A respeito, a 6ª Câmara do Tribunal de Justiça do Rio Grande do Sul entendeu, por maioria e em maio de 2009, que o aspecto de o juiz ser o primeiro inquiridor da testemunha não gera prejuízos às partes, não devendo, portanto, ser anulada a sentença de primeiro grau. (TJRS, Processo n. 70028983484, Sexta Câmara, Rel. Des. Nereu José Giacomolli (vencido em parte, na preliminar, pelo voto vencedor do Des.

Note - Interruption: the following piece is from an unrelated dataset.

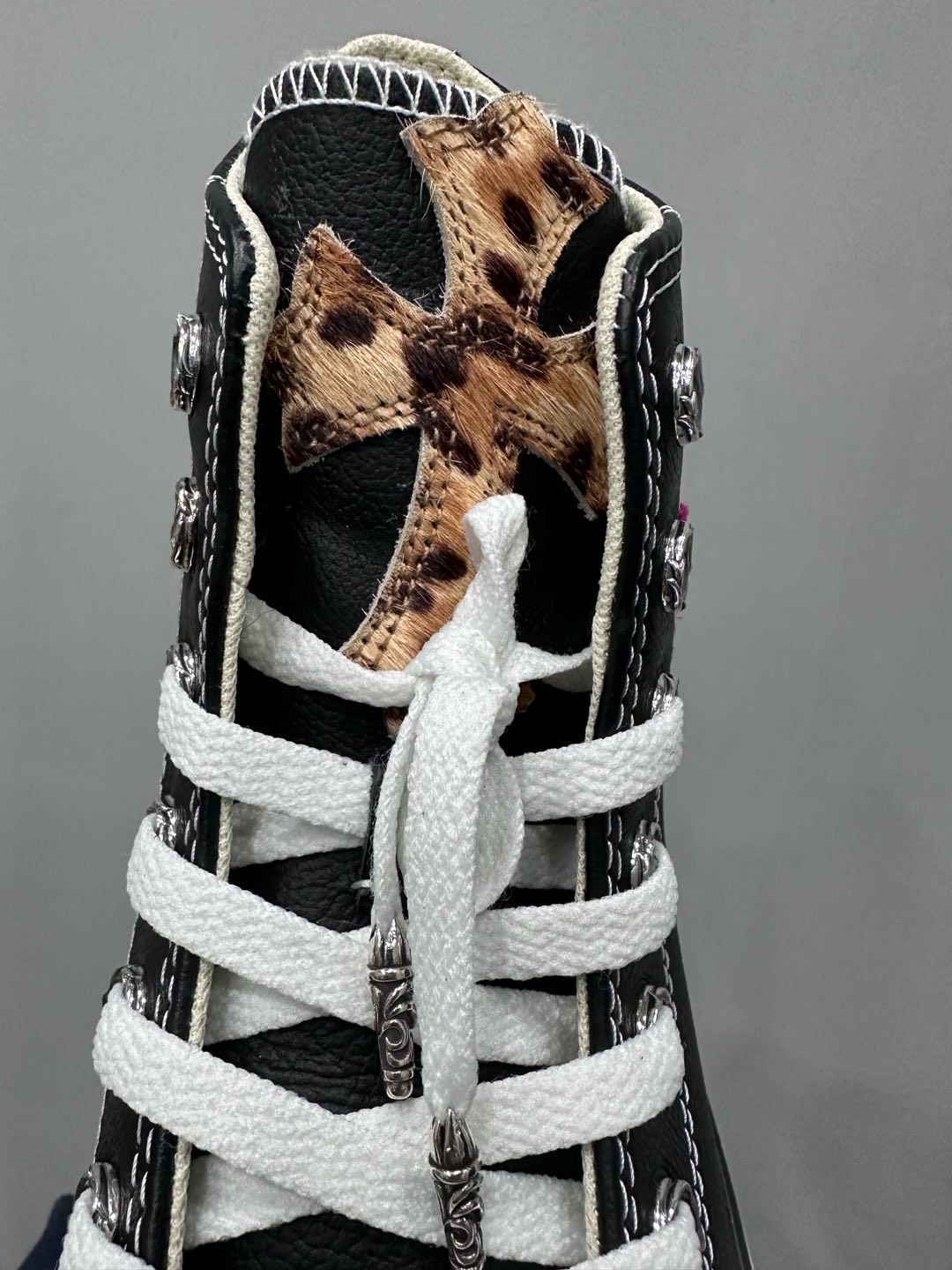 クロムハーツ x Converse 132170C レザー Patch ハイトップ スニーカー マルチカラー 画像 6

Revisor Mário Rocha Lopes Filho, Sessão de 7.5.2009.)

Anote-se, ainda, que o Supremo Tribunal Federal pontificou, já considerando o regime das reformas processuais penais de 2008, que o “Direito Processual Penal, na contemporaneidade, não pode mais se basear em fórmulas arcaicas, despidas de efetividade e distantes da realidade subjacente, o que é revelado pelo recente movimento de reforma do Código de Processo Penal com a edição das Leis 11.689 e 11.690, ambas de 09 de junho de 2008, inclusive com várias alterações no âmbito do procedimento do tribunal do júri. (…) O regime das nulidades processuais no Direito Processual Penal é regido por determinados princípios, entre os quais aquele representado pelo brocardo pas de nullité sans grief.” (STF, HC n. 92819-RJ, Segunda Turma, Rel. Min. Ellen Gracie, Sessão de 24.6.2008, DJ de 15.8.2008).

a) A Lei 11.690/2008 alterou o artigo 212 do CPP para modificar a forma de as partes fazerem perguntas às testemunhas. Antes, as perguntas eram feitas por meio do juiz e eram chamadas de reperguntas. Agora, as perguntas são feitas diretamente pelas partes.

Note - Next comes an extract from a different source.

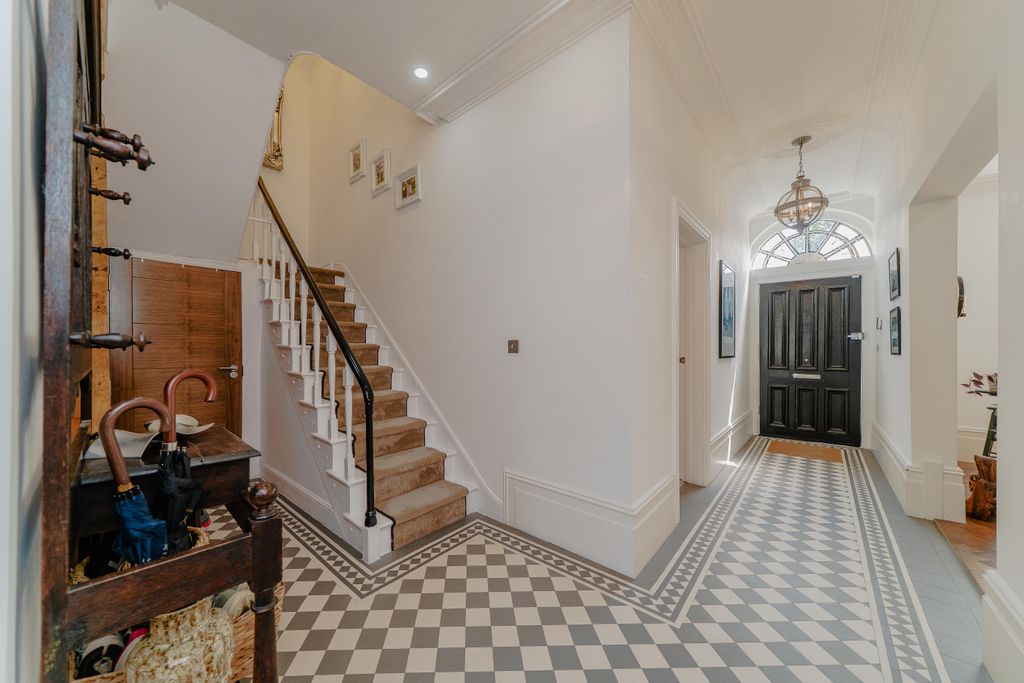 Property photo 2 of 38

b) O artigo 212 do CPP, no regime processual novo, não estabelece uma ordem de inquiridores e permite que o juiz inicie a inquirição das testemunhas como no regime processual anterior.

c) O artigo 212, parágrafo único, do CPP apenas regra o aspecto de o juiz ter o poder de complementar as perguntas diretas das partes, não havendo regramento sobre ordem de inquiridores. Em um exame sistemático, parece-nos mais plausível que a expressão “complementar”, contida no aludido parágrafo único, se refira à nova sistemática de realização das perguntas definida no caput do mesmo artigo, do que a uma ordem de inquiridores que nunca existiu na esfera da audiência criminal.

d) Não se pode admitir que o juiz, que deve buscar a verdade real e que é o destinatário da prova, não possa inquirir as testemunhas antes das partes. Se pode, inclusive, suprir eventuais deficiências dos litigantes, certamente pode iniciar a inquirição das testemunhas, passando a palavra às partes para que façam perguntas diretas posteriormente.

e) O artigo 473 — o qual estabelece, no júri, que o juiz é primeiro a inquirir o réu e as testemunhas — reforça a exegese do artigo 212, ambos do CPP, no sentido de que o juiz também pode ser o primeiro a inquirir as testemunhas no procedimento comum.

f) O fato de o juiz inquirir as testemunhas antes das partes não prejudica a dose de adversarial legal system trazida ao sistema pátrio pelas reformas processuais penais de 2008.

g) Mesmo na conjectura de que o novo artigo 212 do CPP tenha estabelecido uma ordem de inquiridores de testemunhas no processo penal (com a qual não concordamos), temos que uma eventual inversão não geraria prejuízo algum às partes, dês que essas, nessa hipótese e em algum momento, pudessem fazer suas perguntas diretas em um sistema pátrio assemelhado de direct examination e de cross-examination. E, sem prejuízo, não haveria nulidade a ser debelada.